* _ACTION ITEM_:
Pictures must be left out. Print the lines from the beginning of the material through the line holding "It's got a bright", exactly and nothing else.

* _DATA LISTING_:
>>>>>

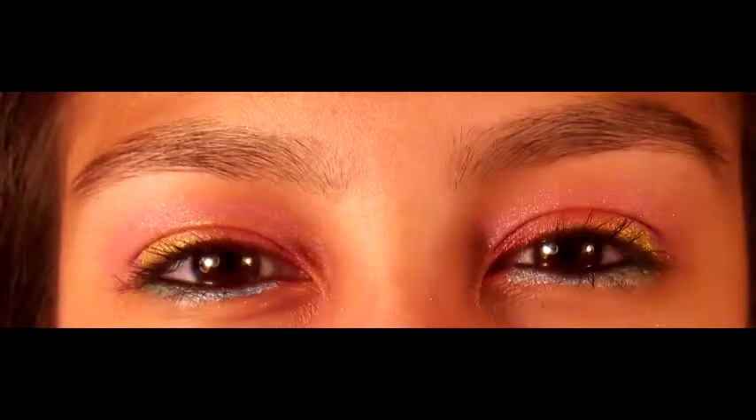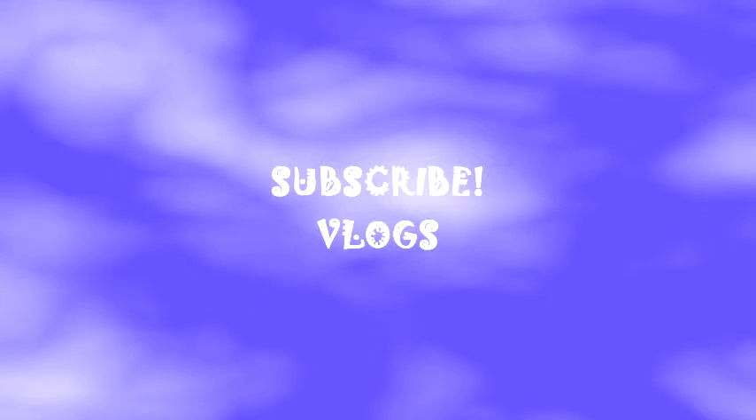And this is the final look. Thank you so much for watching. I hope you subscribe and check out my vlog channel. Bye!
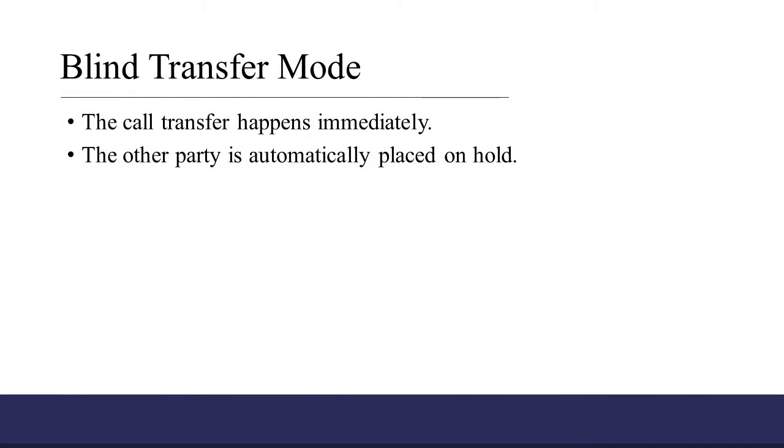When a phone is in blind transfer mode, the call transfer happens as soon as you initiate the transfer. The other party will be automatically placed on hold during this process.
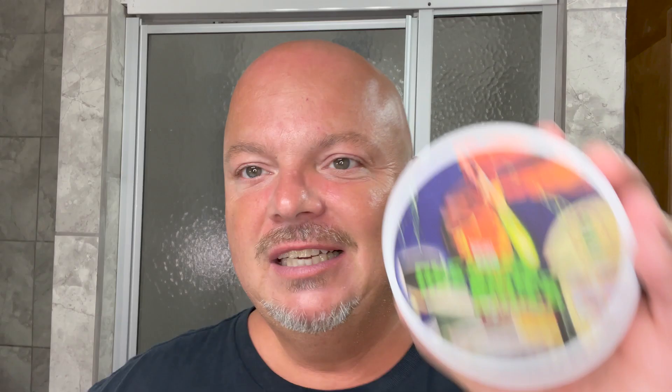It's got a bright sort of green barbershop vibe to it, and this soap actually goes with this splash, unlike the Perazzo Green soap, which really doesn't smell like the splash. Douglas was kind enough to make this for me, and I absolutely love it. The reason I'm using this in part is because Douglas and Fran are going to be on Real Talk this Friday at 8 p.m., so I hope to see you there. That should be a fun show. And that is me right there on the label.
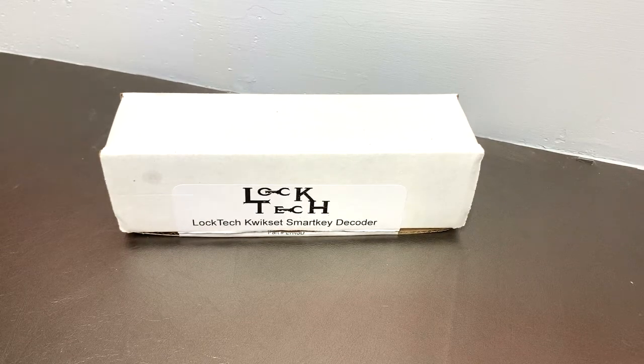This is Kilo, and today I am going to be reviewing the Loctec Qlikset Smart Key Decoder Tool. This is a must-have tool in my opinion for any locksmith to keep with them on their van, as this will save you a lot of time and headache when it comes to smart locks — whether you come across a re-key or a lockout where the client has lost their key or the key is inside the home.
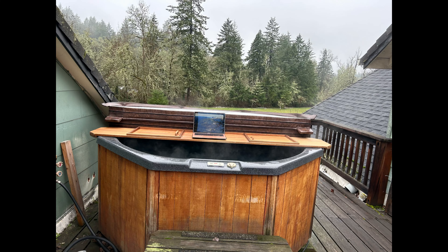Behind me is my faithful hot tub. This has been with me the whole time I've been in Oregon — not quite 30 years, but a long time. I've moved it from one house to another. I have a wooden desk that I put across it and I write in the hot tub, read in the hot tub. I do not read tarot in the hot tub — I draw the line there. Anyway, you don't care about my hot tub.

<<<<<

* _TASK OUTPUT_:
And this is the final look. Thank you so much for watching. I hope you subscribe and check out my vlog channel. Bye!
When a phone is in blind transfer mode, the call transfer happens as soon as you initiate the transfer. The other party will be automatically placed on hold during this process.
It's got a bright sort of green barbershop vibe to it, and this soap actually goes with this splash, unlike the Perazzo Green soap, which really doesn't smell like the splash. Douglas was kind enough to make this for me, and I absolutely love it. The reason I'm using this in part is because Douglas and Fran are going to be on Real Talk this Friday at 8 p.m., so I hope to see you there. That should be a fun show. And that is me right there on the label.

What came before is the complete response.